Wanita 18 orang, dan pria satu orang. Mereka bekerja sebagai pembantu rumah tangga, sementara yang pria bekerja sebagai tukang kebun. Mereka tinggal di pemukiman elit yang tersebar di Tripoli. “Kalau bukan orang kaya, tidak akan mampu menyewa pekerja Indonesia,” kata Said.
Berbagai alasan dikemukakan kenapa mereka tidak ikut serta dalam evakuasi warga negara Indonesia sejak Februari lalu. Padahal, evakuasi dilakukan dalam tiga gelombang. Direktur Perlindungan TKI Kementerian Luar Negeri (Kemlu), Tatang Razak, mengatakan sampai saat ini telah 926 WNI yang berhasil dipulangkan. Sebanyak 646 di antaranya difasilitasi Kemlu, sementara sisanya adalah swadaya perusahaan tempat mereka bekerja.
Said mengatakan bahwa kebanyakan para WNI mengaku tidak ingin pulang karena belum diberikan gaji oleh para majikan mereka. Selain itu, mereka juga diiming-imingi bonus besar jika rela tinggal sampai akhir Idul Fitri. Said menjelaskan bahwa kebanyakan dari majikan mereka telah keluar Libya untuk berlindung, sementara para TKI ditinggal untuk mengurusi anak, orang tua, maupun menjaga rumah.
“Saya sudah katakan kepada mereka ‘uang bisa dicari, nyawa itu cuma satu’ tapi mereka tetap memilih untuk tinggal.” Kata Saud.
Alasan sebagian lainnya karena mereka sudah merasa kerasan dan tidak ingin kembali ke tanah air. Hal ini disebabkan majikan mereka cukup royal memberikan mereka gaji yang besar. Mereka termasuk yang beruntung dari jutaan TKI lainnya yang tersebar di seantero dunia.
Sementara itu sebagian kecil lainya memutuskan untuk tidak pulang karena banyak masalah di tanah air. “Mereka punya masalah di kampung, punya hutanglah, apalah,” kata Said.
.:: TKI Ilegal
Ke 19 orang TKI ini juga disinyalir ilegal.
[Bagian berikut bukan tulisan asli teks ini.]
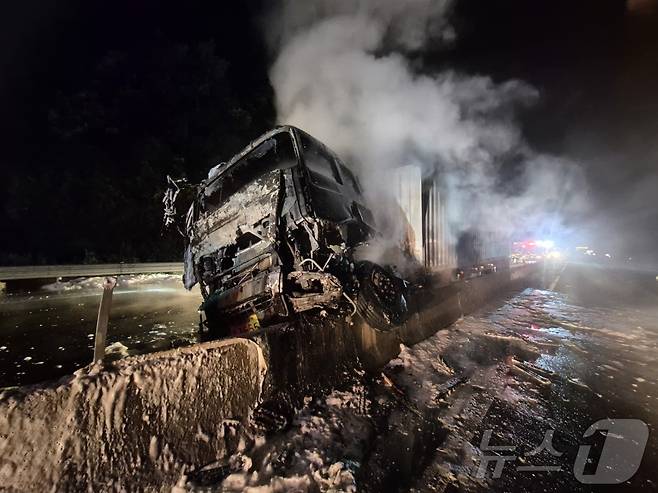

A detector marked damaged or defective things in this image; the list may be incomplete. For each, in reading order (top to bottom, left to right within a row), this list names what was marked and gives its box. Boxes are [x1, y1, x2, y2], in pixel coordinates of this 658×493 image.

broken windshield [201, 132, 296, 214]
burned truck [179, 125, 410, 336]
charred truck cab [182, 125, 408, 336]
burnt tire [356, 260, 408, 332] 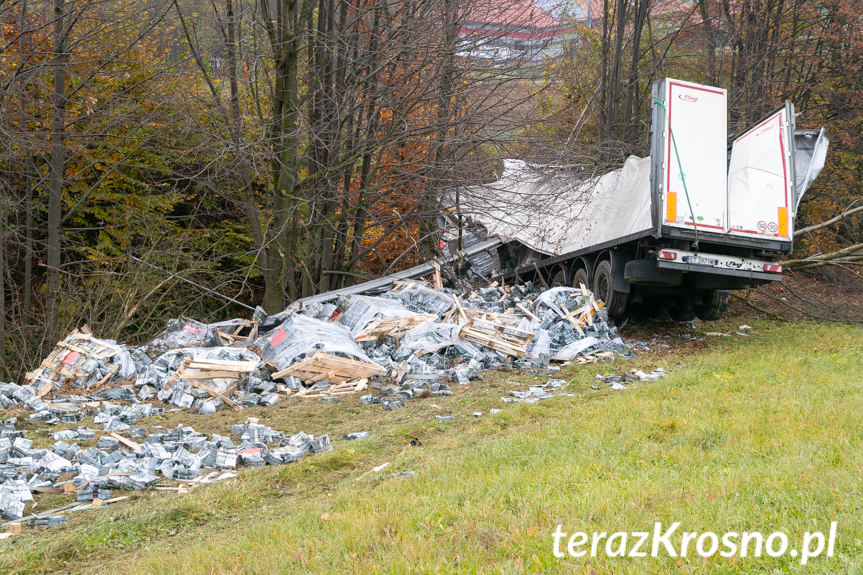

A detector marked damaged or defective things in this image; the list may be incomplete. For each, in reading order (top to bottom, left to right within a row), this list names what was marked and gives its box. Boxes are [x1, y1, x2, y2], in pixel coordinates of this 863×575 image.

splintered wood [352, 316, 436, 342]
splintered wood [460, 318, 532, 358]
splintered wood [24, 326, 125, 394]
splintered wood [274, 354, 388, 384] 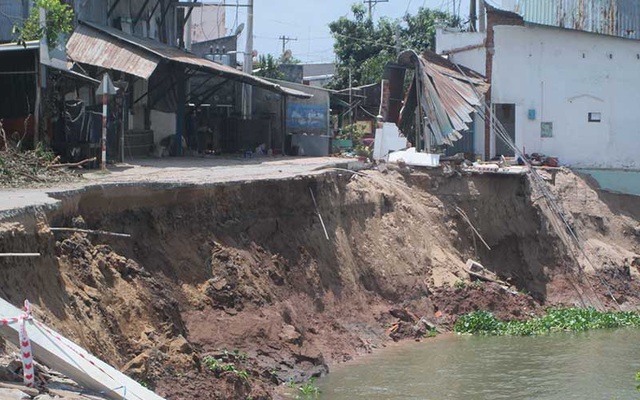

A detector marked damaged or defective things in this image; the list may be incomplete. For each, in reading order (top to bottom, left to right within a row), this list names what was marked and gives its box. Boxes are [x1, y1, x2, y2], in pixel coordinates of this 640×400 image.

rusty corrugated metal roof [512, 0, 640, 39]
rusty corrugated metal roof [67, 21, 312, 98]
rusty corrugated metal roof [398, 50, 488, 147] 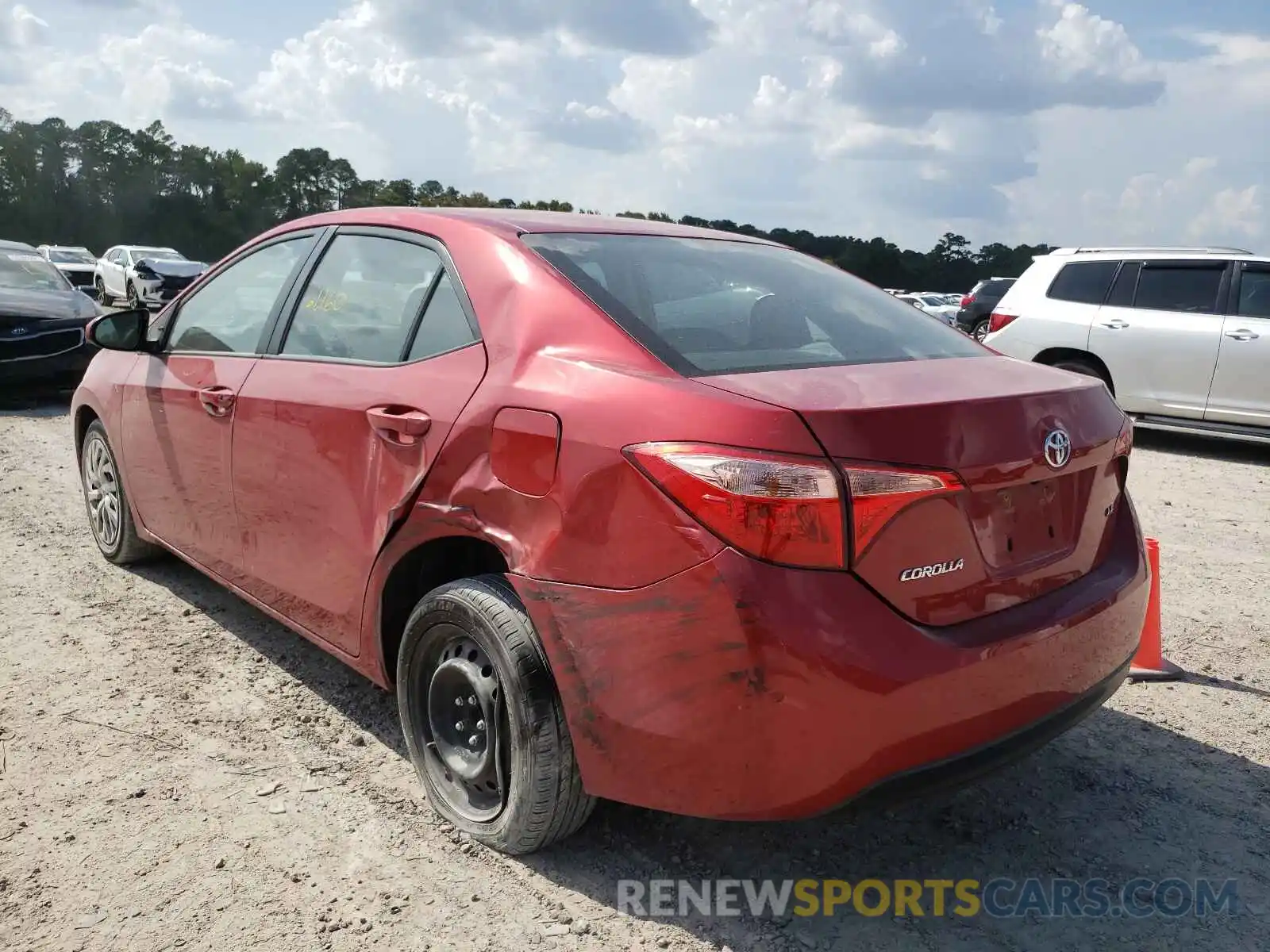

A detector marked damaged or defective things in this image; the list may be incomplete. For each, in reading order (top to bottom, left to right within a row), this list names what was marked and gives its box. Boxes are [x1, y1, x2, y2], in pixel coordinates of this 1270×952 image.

Said mengatakan bahwa mereka sebenarnya dikirim untuk bekerja di Mesir, Dubai, atau di Yordania. Namun dari situ, para penyalur mereka malah membawanya ke Libya. “Saya katakan ini sebagai human trafficking, karena mereka dipindahkan secara ilegal. Selain itu, Libya bukan merupakan salah satu tempat tujuan tenaga kerja Indonesia.” Kata Said.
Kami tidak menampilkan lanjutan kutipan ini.